Dozens of the handwritten tomes were spirited to safety in nearby Kurdish-ruled areas.
There they remain, hidden in a non-descript apartment in the Kurdish city of Dohuk where Christians who have fled the extremists' onslaught are living and watching over them.
The Associated Press was allowed rare access to the library, a collection of copies of Bibles and biblical commentaries, mostly written in Syriac a form of the ancient Semitic Aramaic language and mostly dating back 400-500 years.
Their rescue is a bright spot in the devastating onslaught by the Sunni extremists against Iraq's people - particularly religious and ethnic minorities - and Iraq's heritage, as they took over much of northern and western Iraq the past year.

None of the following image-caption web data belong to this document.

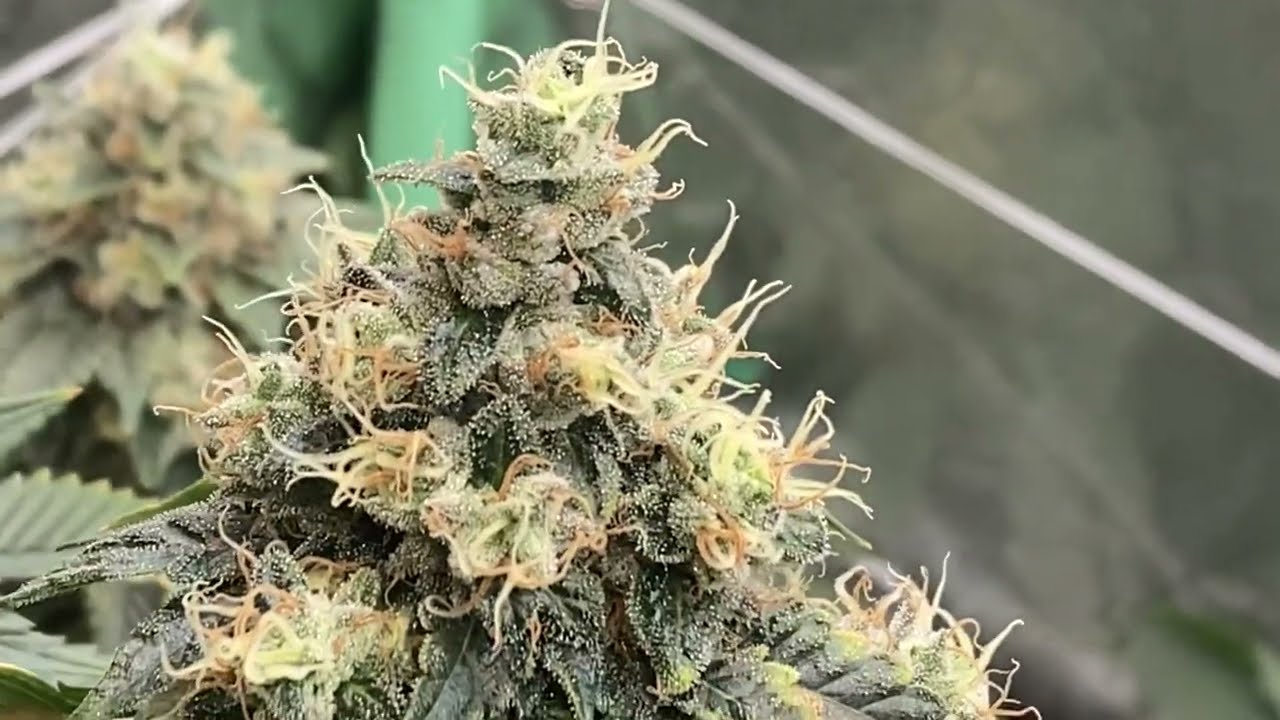 Chem 91 / 92 OG - 58 days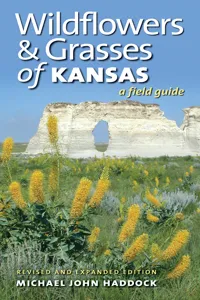 Wildflowers and Grasses of Kansas_cover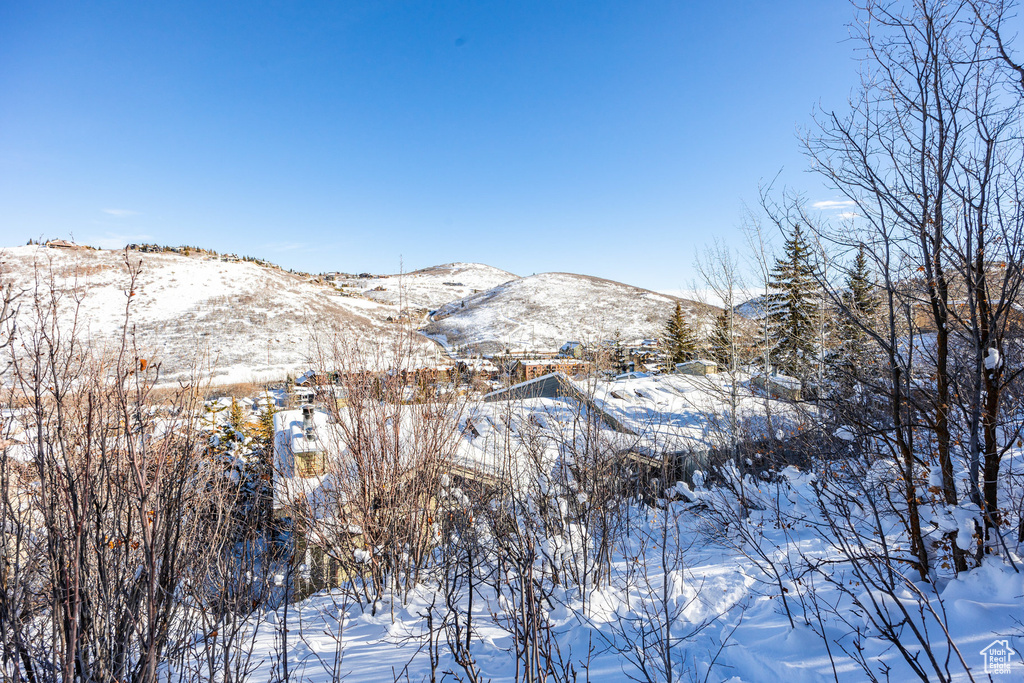 Property view of mountains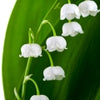 Lily of the valley note — Lily of the Valley Fragrances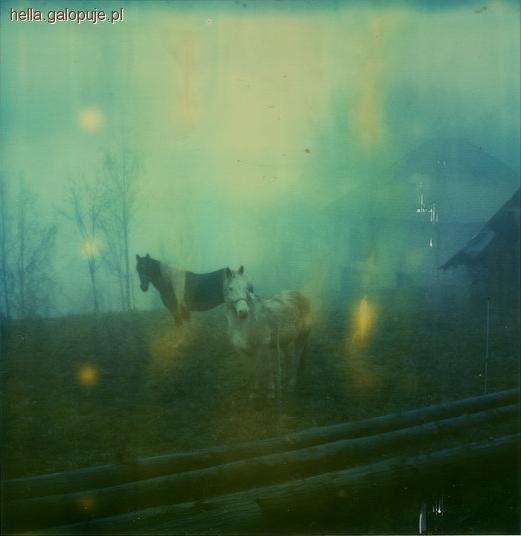Zdjęcie Aleksandra Brożek - fotografia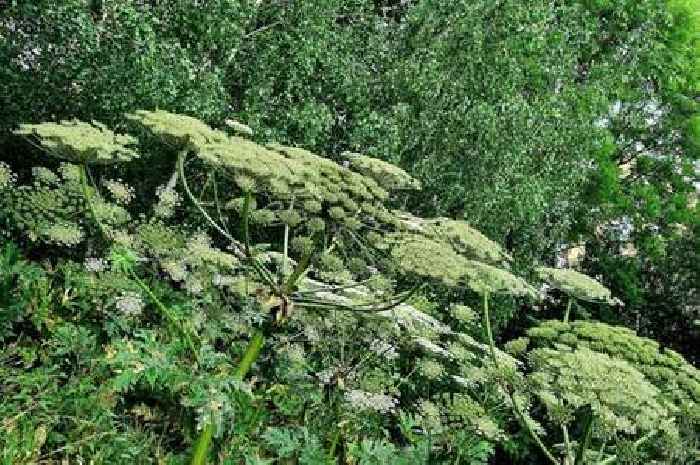 Lanarkshire residents urged to be vigilant of dangers of Giant hogweed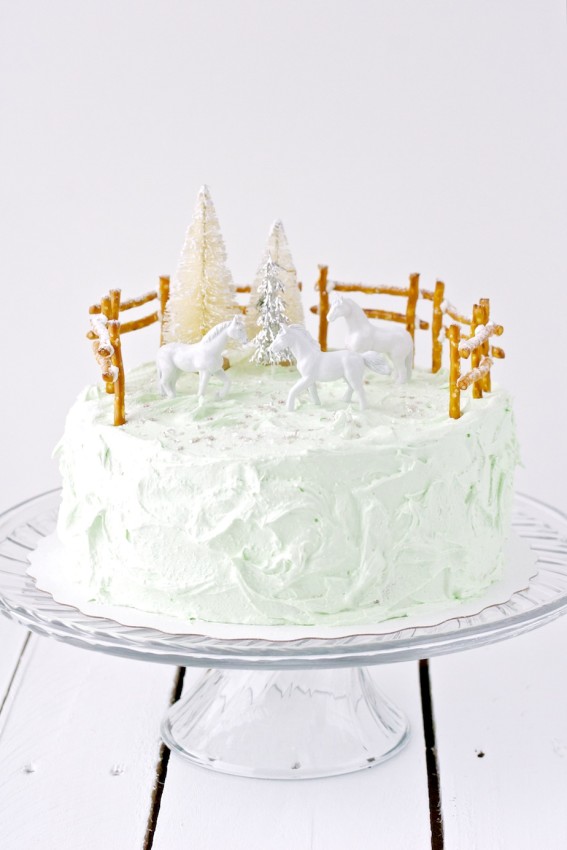 giddy-up cake | movita beaucoup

When they captured Iraq's second largest city, Mosul, and other parts of the north last summer, most Christians and other minorities fled the city and nearby towns for the Kurdish autonomous zone further north.
In recent months they have accelerated their campaign to destroy more ancient sites, like the 3,000-year-old ruins of Nimrud; they shattered artifacts in Mosul's museum and burned hundreds of books at Mosul's library and university, including rare manuscripts.
The Syriac Orthodox Christians of Mar Matti, a monastery that dates back to the 4th century, moved to rescue their library of around 80 manuscripts in August, at the height of the Islamic State group's blitz, when its fighters were bearing down from Mosul to the north, toward the monastery, 35 kilometers (20 miles) from the city.
That was a relief to the monastery's monks and their community. But they aren't taking any chances and are leaving the manuscripts where they are until the group is decisively defeated.